For me, at first things would just stop (back to black as it were), then they
would slowly slide out of my field of view and any head motion would cause
them to stop. But eventually, like balancing, once I got to the point where I
got it started, I could keep it going for a while. At this point if I can keep
it going for several (say 6 or 7) minutes I'll find myself asleep (which I
recognize by waking up). Only on a few occasions have remained as lucid as
Feynman describes while actually dreaming.

------
orf
Woah, I experienced this a lot when I was younger. I never knew it had a name.
Before I went to sleep I would see all kinds of crazy patterns and colours,
sort of like blurry fractals I guess.
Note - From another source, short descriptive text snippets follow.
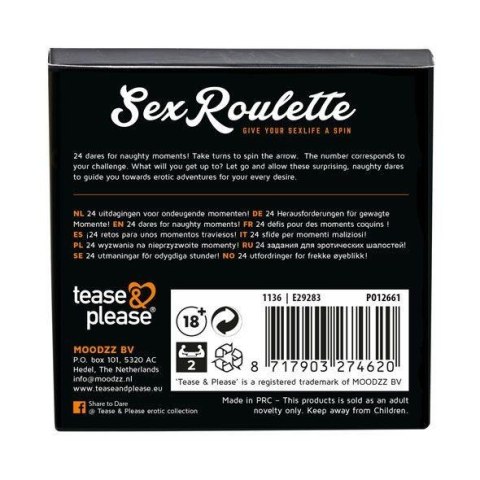 Tease & Please Sex Roulette Naughty Play (NL-DE-EN-FR-ES-IT-PL-RU-SE-NO)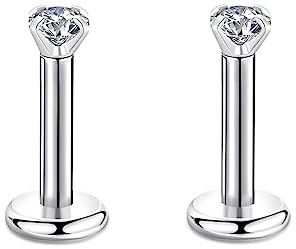 Candyfancy 16G/1.2MM Helix Tragus Piercing Ohr Lip Labret 2/3/4MM Kubikzirconia Gem Ohrschmuck Kristall Knorpel Ohrstecker Zirkonia Ohrringe für Damen Mädchen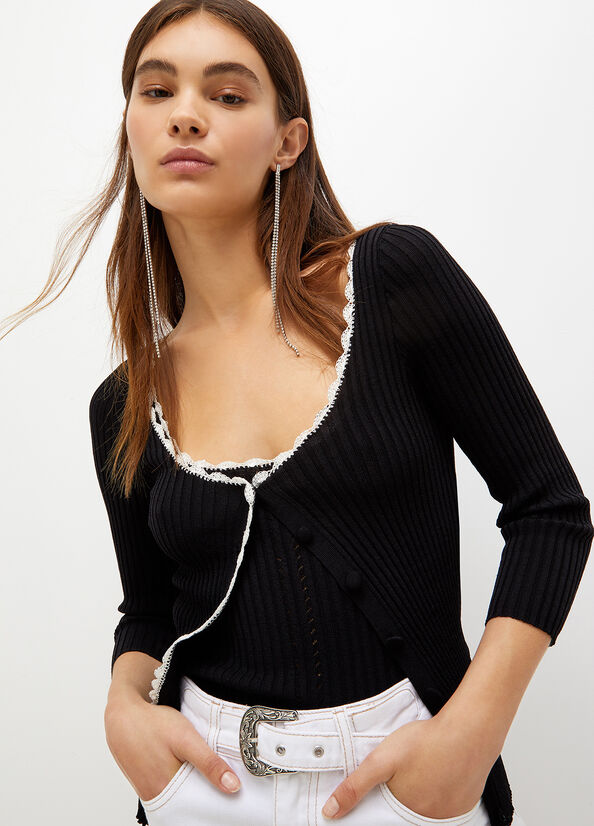 Liu Jo Knit Women's Sweaters Black / White | PDX-547612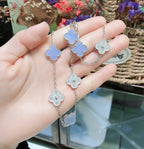 [Clover Jewelry]CLOVERS THE 10-MOTIFS CHALCEDONY DIAMONDS SILVER NECKLACE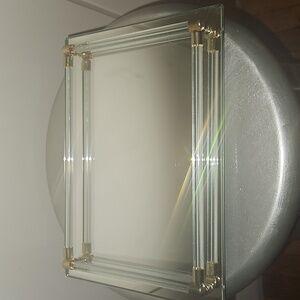 Vintage Glass and Gold Mirror Vanity Tray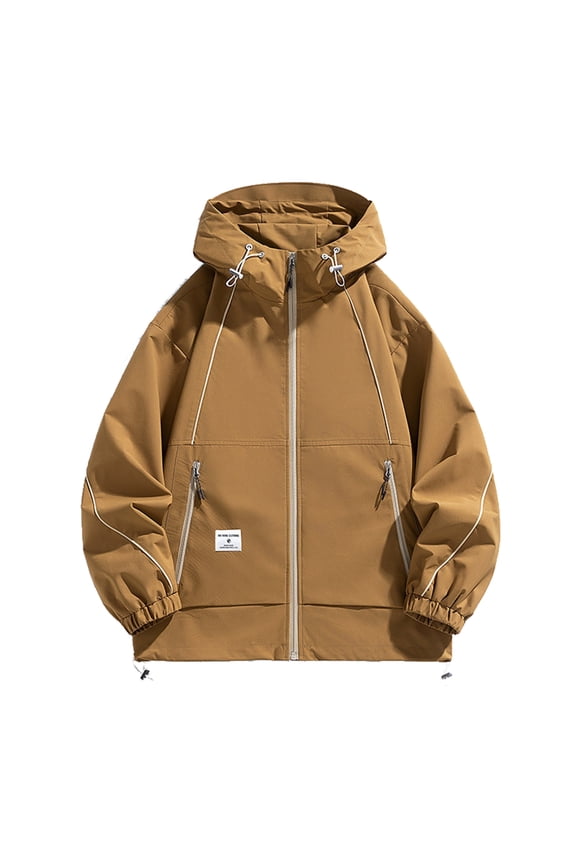 Men's Lightweight Hardshell Jacket Windproof Outdoor Sports Hooded Casual Jacket for Hiking Travel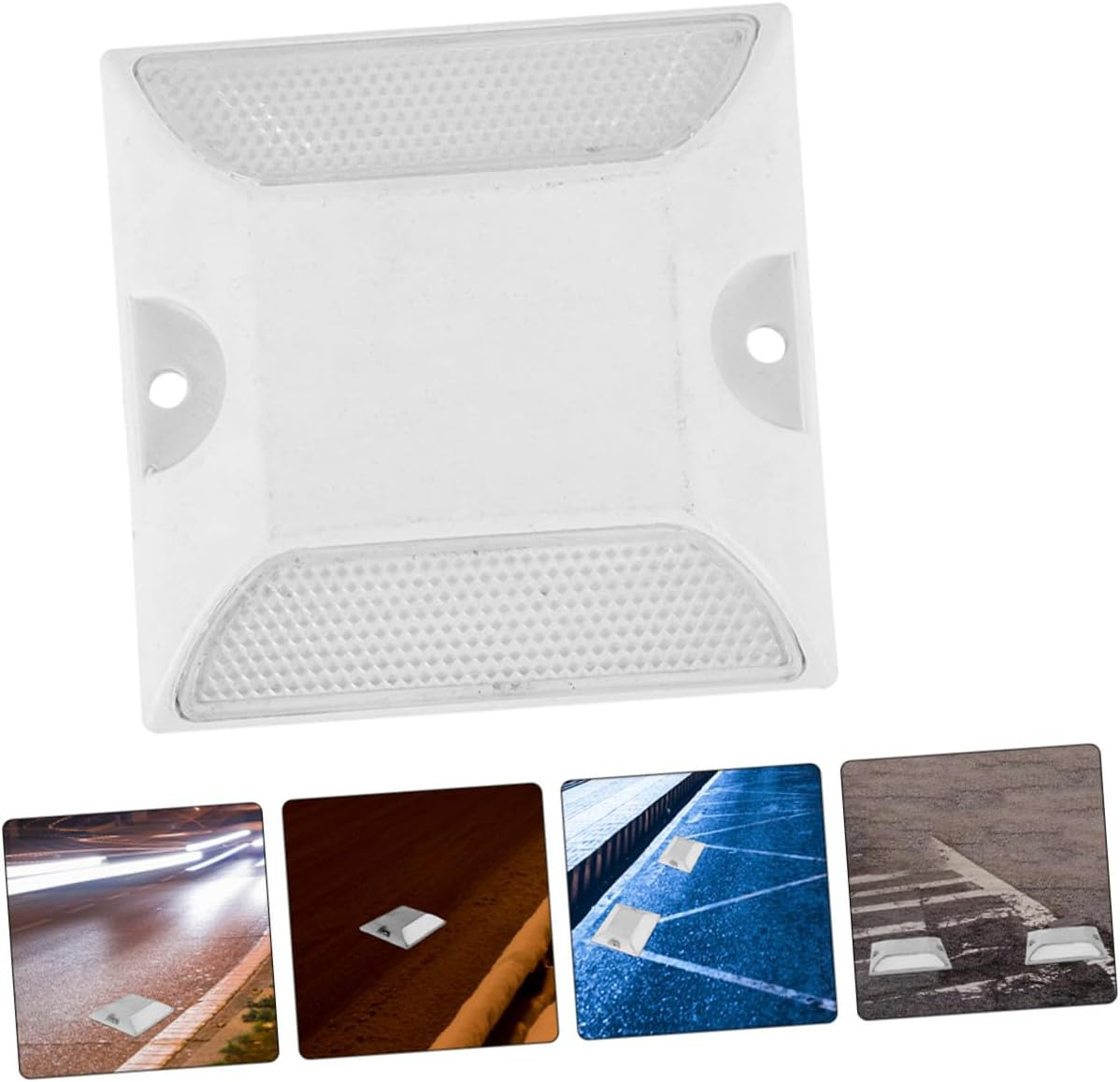 GANAZONO 4Pcs Reflective Lane Markers Plastic Road Reflectors for Driveway and Pavement Safety Night Visibility Asphalt Studs for Sidewalks and Speed Bumps image number 1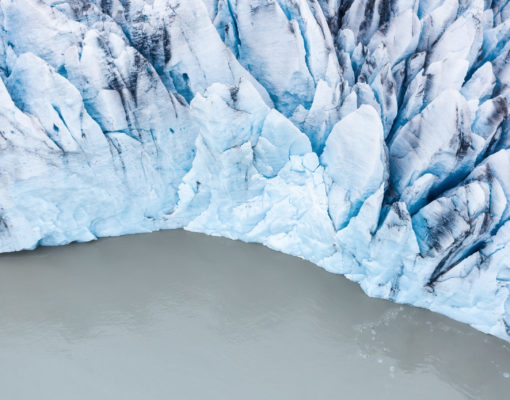 Climate change matters. Iceland. Destruction of the glacier in Iceland due to global warming. Aerial view on the glacier. Famous place in Iceland. Travel image.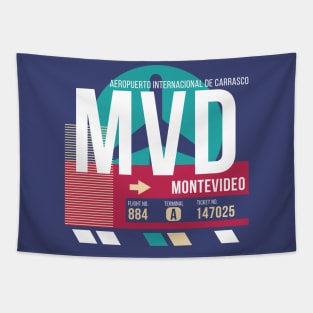 Montevideo, Uruguay (MVD) Airport Code Baggage Tag Tapestry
Level 3 describes it well, but I
wouldn't say I spent a long time concentrating and I definitely hadn't taken
any psychedelics at that young age.

After a period of time a small spinning... twitch... would appear at the very
centre of my vision, the best way to describe it would be a spasm of small
lines. Anyone else experienced this?

I never really thought it was odd until now, to be honest it kind of scared
me. I assumed it was sort of tinnitus for your eyes, and I was somehow
damaging them!

------
kowdermeister
I accidentally invented a pretty cool technique to induce hallucination like
patterns. Two ingredients: \- sun \- two hands

Close your eyes and face the sun. Put your palms in front of your eyes (about
10, 20cm) so they cross each other in 45 degrees. Start to wobble your palms
with your fingers stretched quite fast and you should see something like a
Moire pattern.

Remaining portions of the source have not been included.